Last updated: March 29, 2021
Place
14 - The Morgue
WAYSIDE LAYOUT: Cream colored, vertically oriented panel with a dark banner running across the top. The banner reads “Golden Gate National Recreation Area” on the left and the National Park Service logo on the right. Main body of the panel is in one column on the left, with text first then an image with text below it. The background and remaining area of the panel is filled with a large image.
TEXT: The Morgue: Death on the Rock. Although death on the island was seldom, both the U.S. military and the Federal Bureau of Prisons had to deal with the inescapable reality of death on Alcatraz.
In 1910, the military constructed the morgue to store the bodies of the deceased. Built at the entrance to a Civil War-era tunnel, the thick, brick-lined walls that once kept gunpowder cool and dry became ideal for holding bodies prior to transport off the island.

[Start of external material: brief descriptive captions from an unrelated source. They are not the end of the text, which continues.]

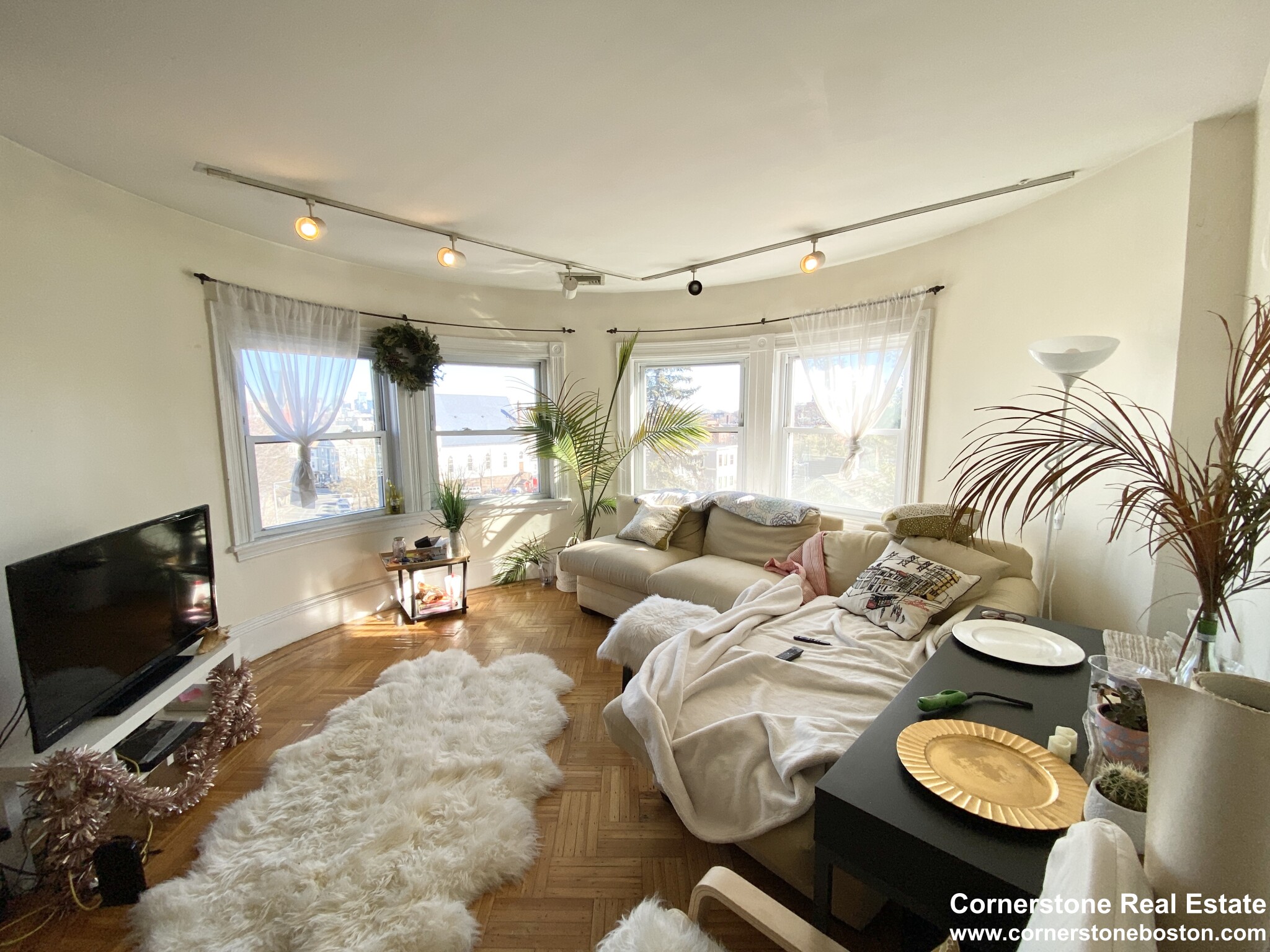 775 Parker St, Mission Hill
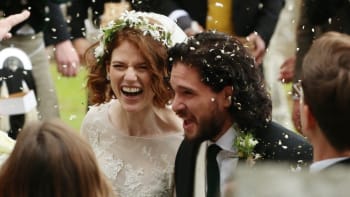 GALERIE: Jon Snow ze Hry o trůny měl svatbu! Představitelka Cersei na ni ale nedorazila kvůli tomuto drsnému důvodu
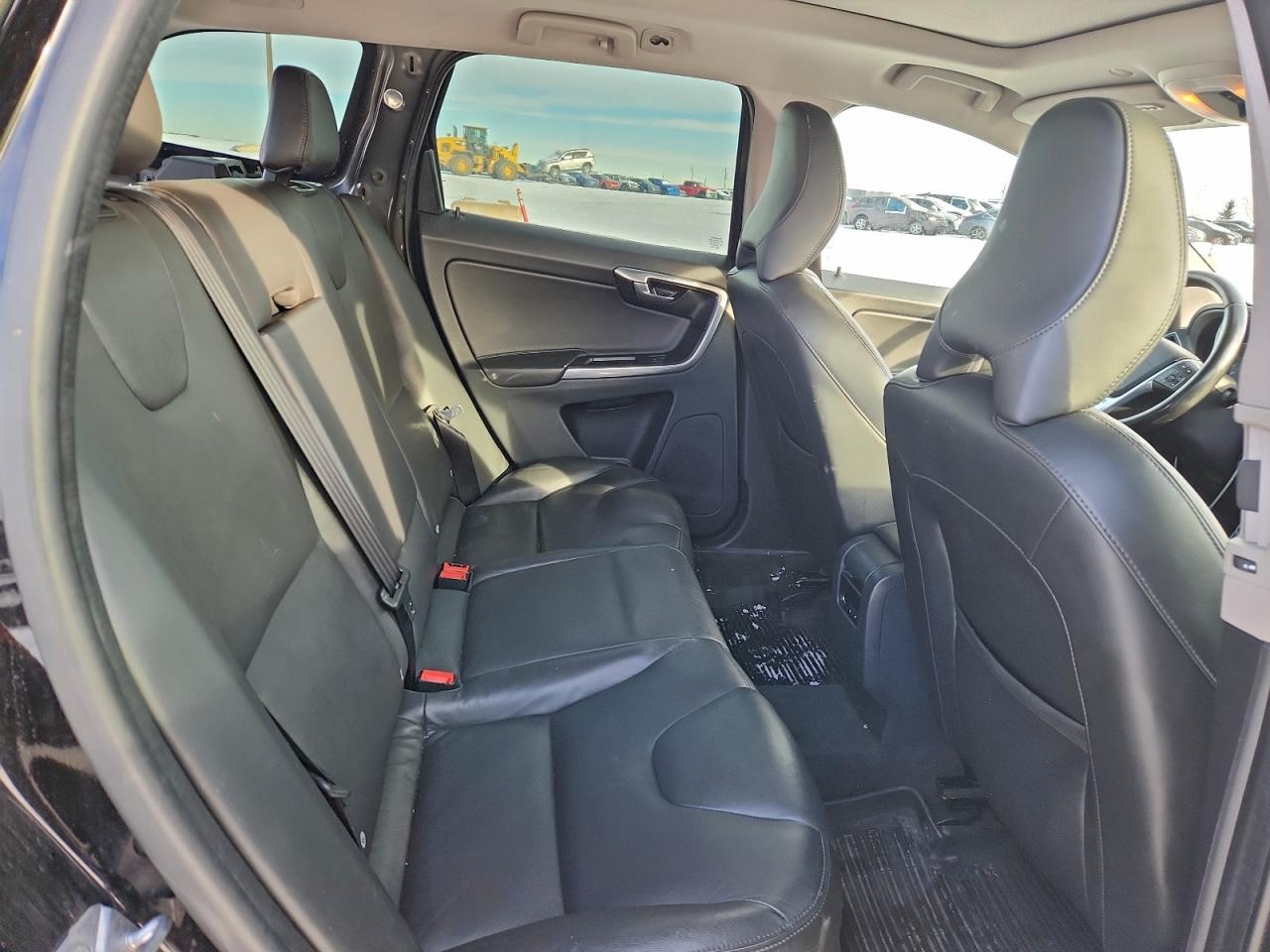 2016 Volvo Xc60 T5 Premier VIN: YV4612RK5G2893916 Lot: 96075575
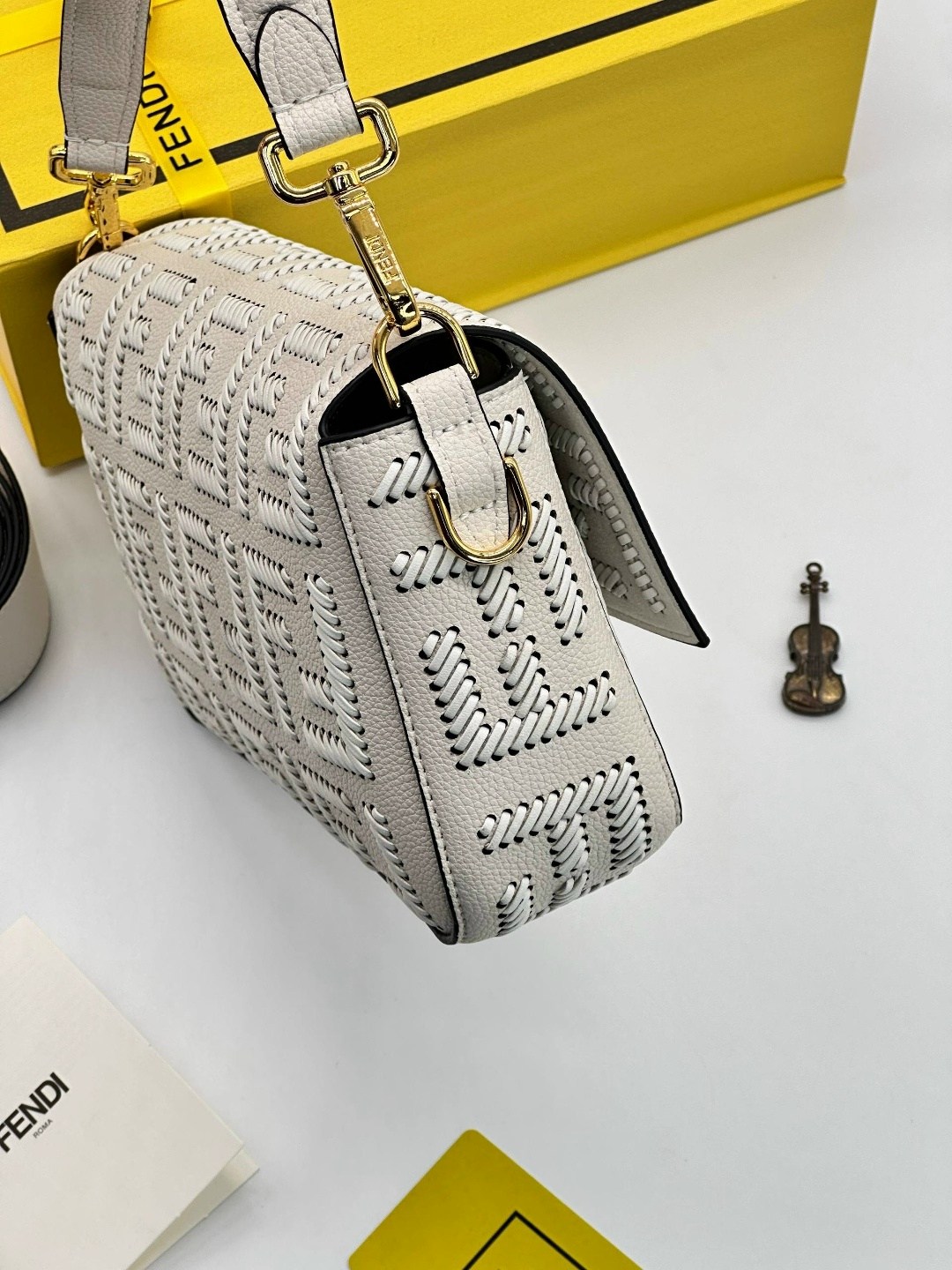 сумка fendi,женская сумка fendi,fendi сумка на плечо,сумка fendi baguette,fendi сумка багет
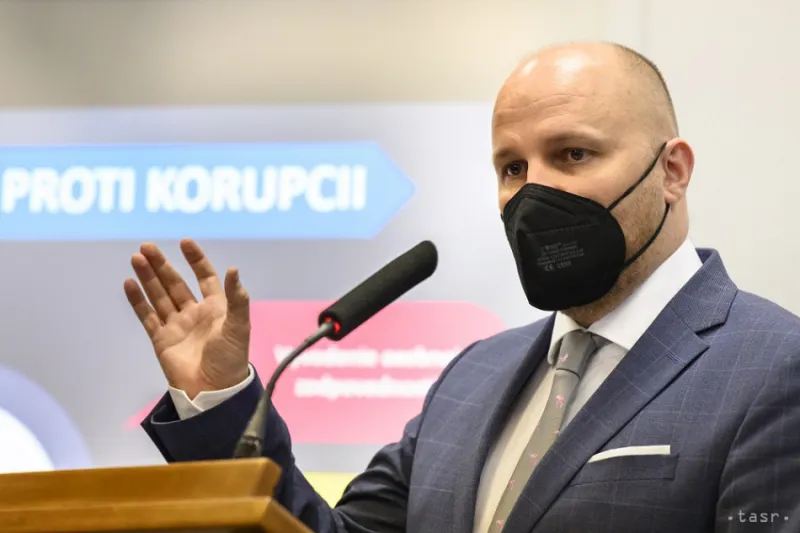 Naď: Matovič sa snaží tému vakcíny Sputnik V len dotiahnuť do konca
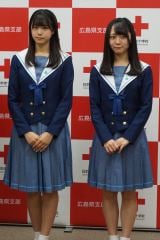 「平成30年7月豪雨災害義援金」を届けたSTU48の（左から）瀧野由美子、土路生優里 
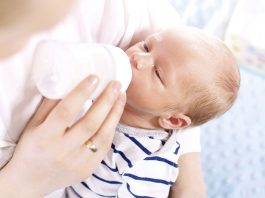 bottle-feeding-baby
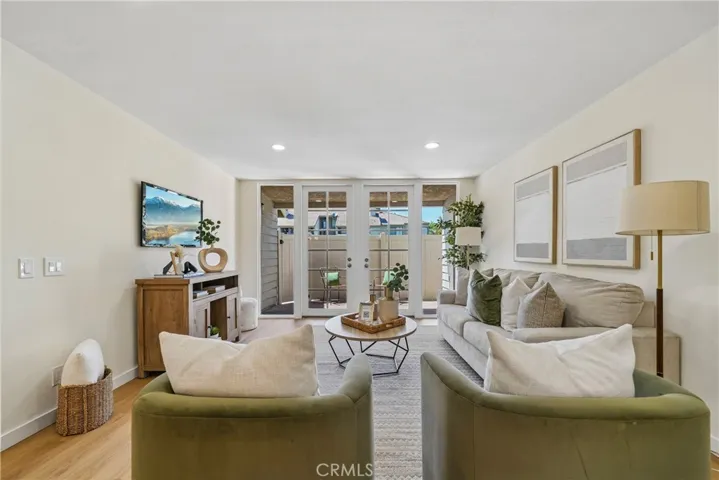 69 Town And Country Road, Phillips Ranch, California 91766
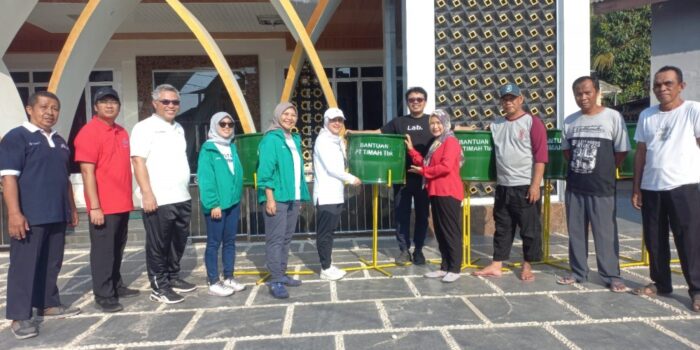 Jaga Kebersihan Lingkungan, PT Timah Serahkan Puluhan Tong Sampah untuk Warga Teluk Rubiah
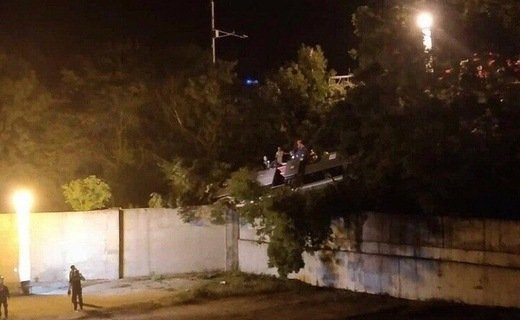 В результате столкновения внедорожника и автобуса погибли женщина и двое детей - жители Челябинска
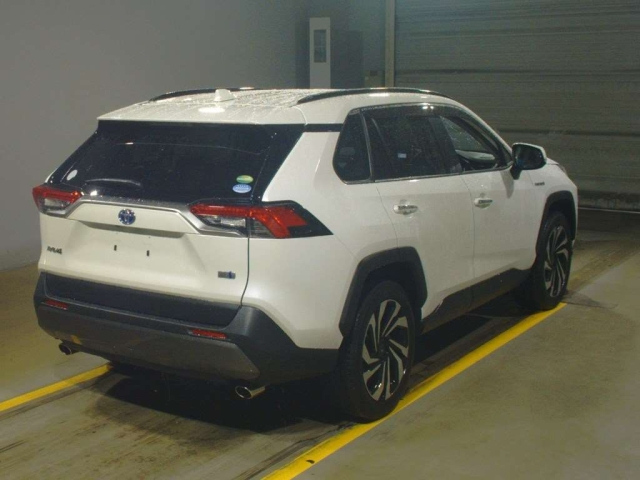 Import and buy TOYOTA RAV4 2020 from Japan to Nairobi, Kenya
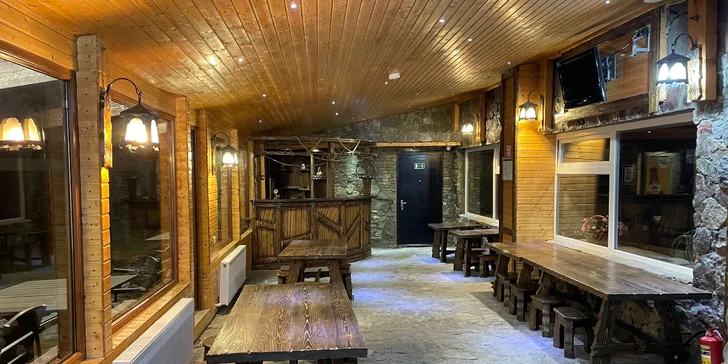 Lyžování v Gruzii na Kavkaze: letenka, skipas, ubytování s polopenzí a průvodce i návštěva Tbilisi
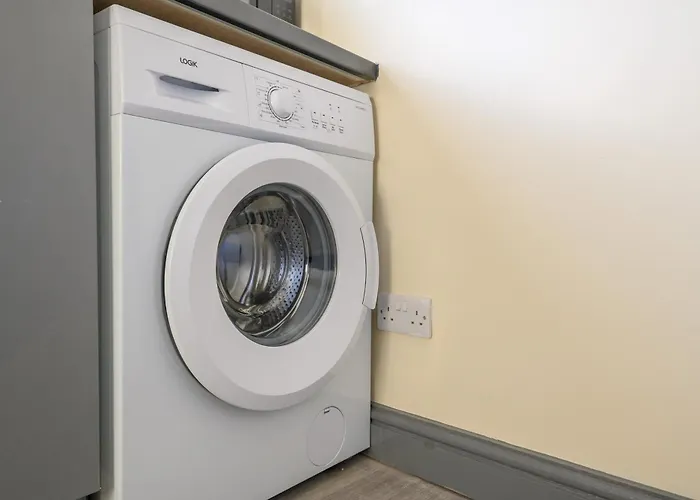 In Shared Kitchen Parking2 - Pass The Keys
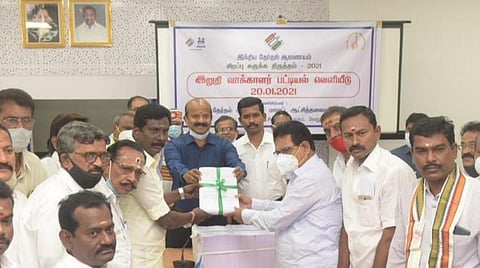 ஒருங்கிணைந்த வேலூர் மாவட்டத்தில் இறுதி வாக்காளர் பட்டியல் வெளியீடு: பெண்களே அதிகம்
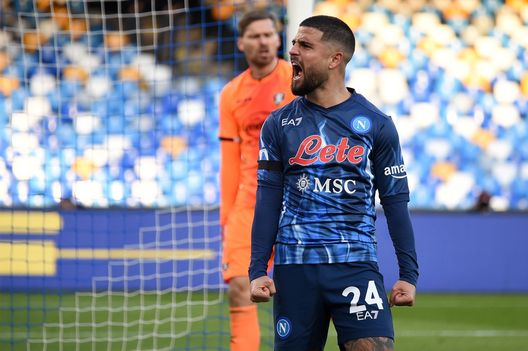 insigne napoli salernitana flames kit de laurentiis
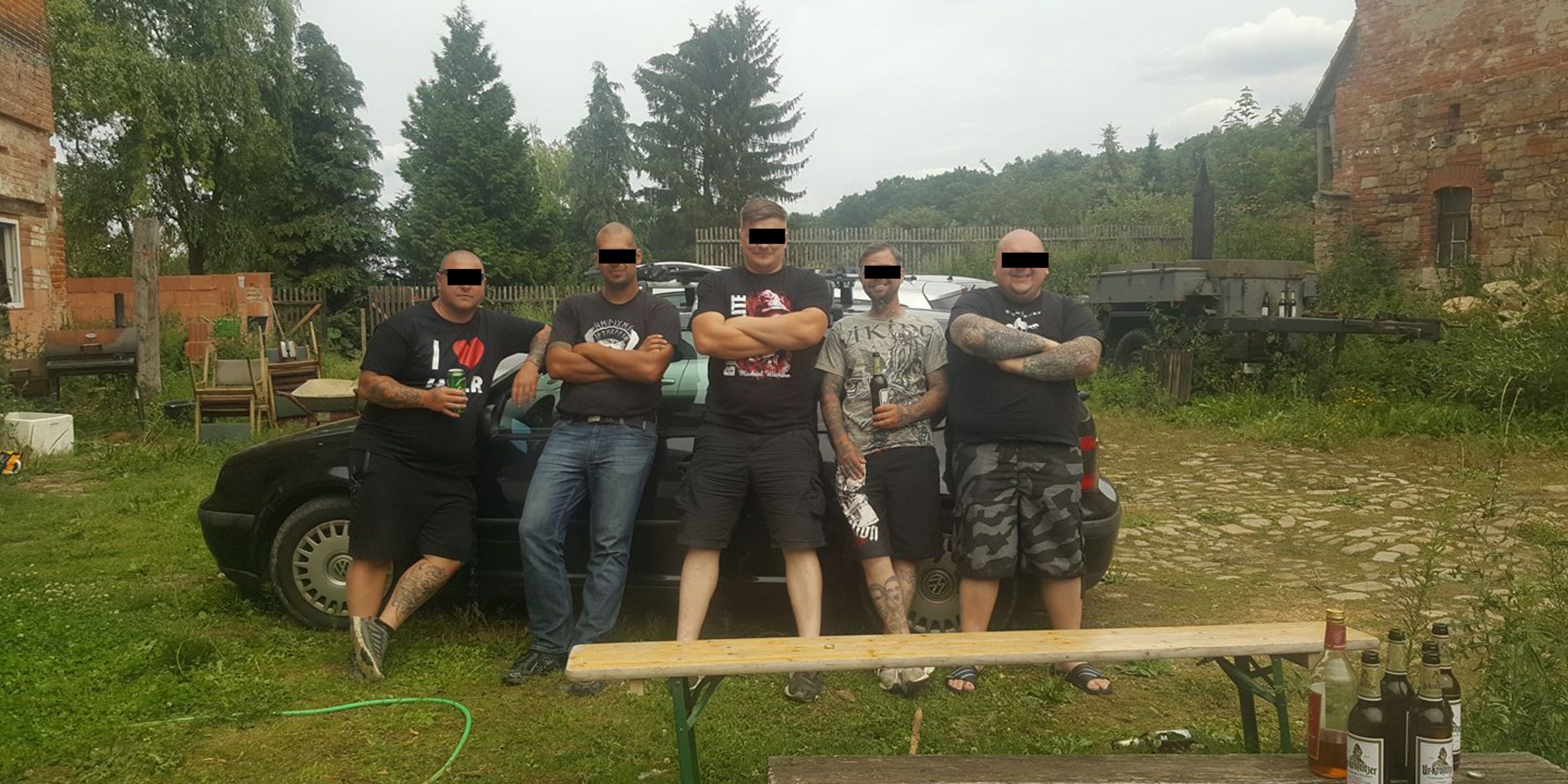 Gruppenbild in Görschen: Tino „Krafti“ K. (2. von rechts) posiert mit Freunden.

DESCRIPTION: View inside the morgue. There is a long well-worn table centered in the image. The walls behind it are covered in broken plaster and there are two large windows above, one with a big exhaust fan in the left window.
TEXT: Who is buried here? The military called this island “the Rock” for a reason; it is composed entirely of hard graywacke sandstone which does not lend itself to burials. During the military era, soldiers who died here were buried on Angel Island or in the National Cemetery at the Presidio of San Francisco. Later, during the Bureau of Prisons years, deceased inmates were taken to the city morgue in San Francisco. If unclaimed, they were interred in the paupers’ graves in a local cemetery.
BACKGROUND IMAGE: Filling the bottom half background of the panel is a large black and white photograph of the entrance to the Morgue. The entrance has a mission style façade, a door with vertical lines and a window and text above the door that reads, “Morgue 1910.”